Quando o Nordeste chega ao cinema brasileiro, você já sabe bem o que vai encontrar: cangaceiros, miséria, fome e alguns elementos e personagens clássicos do folclore e da cultura da região, que deixam tudo mais palatável. Nordeste é sinônimo de sertão, de denúncia, de engajamento social. É bem triste ver como a pobreza da região se transforma numa absoluta pobreza temática. O sertão e suas mazelas são um buraco negro do qual ninguém é capaz de evitar.

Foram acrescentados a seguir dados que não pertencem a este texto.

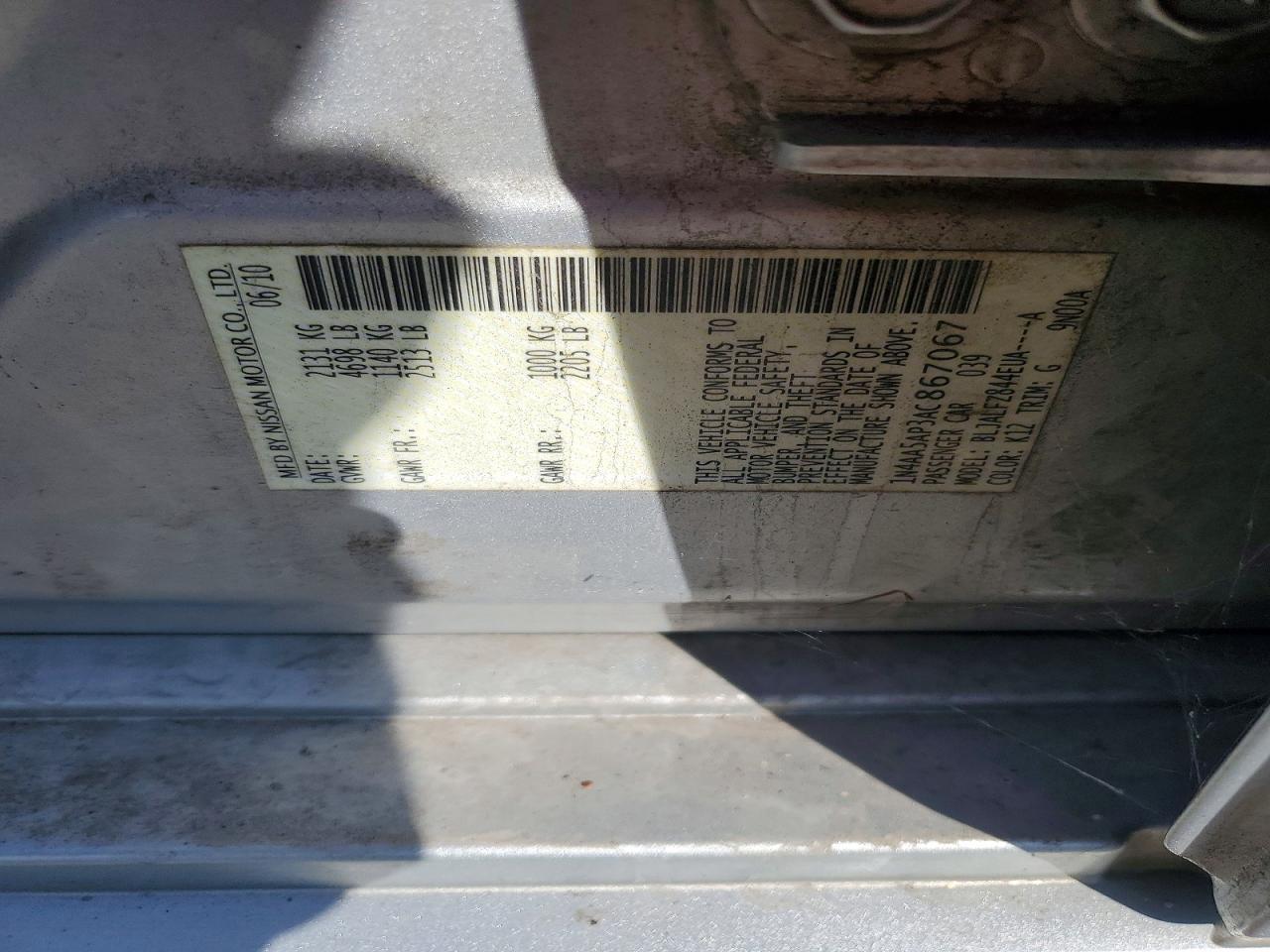 2010 NISSAN Maxima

Nos últimos tempos, alguns cineastas nordestinos, que poucas vezes têm boas chances de fazer um longa-metragem e de ganhar uma boa distribuição no país, tentam mudar essa história.

Cláudio Assis, com toda sua arrogância primária, já tinha mudado o foco da denúncia ao se enveredar pela miséria da metrópole em Amarelo Manga (2003). Neste ano, Sérgio Machado deixou o denuncismo de lado para apostar num cinema urbano, factual, bem longe dos estereótipos caros ao homem nordestino no belo Cidade Baixa. No ainda inédito Árido Movie, Lírio Ferreira inverte o caminho do nordestino: sai da cidade grande para o sertão de hoje: sexy, marginal e maconheiro. Todos, de uma forma ou outra, negam uma espécie de tradição rústica do cinema nordestino. É – e não é – o caso do mais bem-sucedido deles.

A primeira vez que eu ouvi o título Cinema, Aspirina e Urubus, confesso que fiquei bastante desconfiado, mas bastam os primeiros dez minutos para saber que o longa de estréia do pernambucano Marcelo Gomes é um dos melhores filmes brasileiros dos últimos tempos. Primeiro, ao contrário de seus colegas, Marcelo não nega o sertão humilde, atrasado, exótico aos olhos de fora. A diferença é que o sertão não é personagem aqui. É cenário. Marcelo Gomes explora as particularidades com graça invejável, sem nunca espetacularizá-las, usando-as apenas como suporte para contar sua história. E fazia tempo que o cinema – brasileiro – não contava tão bem e de maneira tão simples uma história.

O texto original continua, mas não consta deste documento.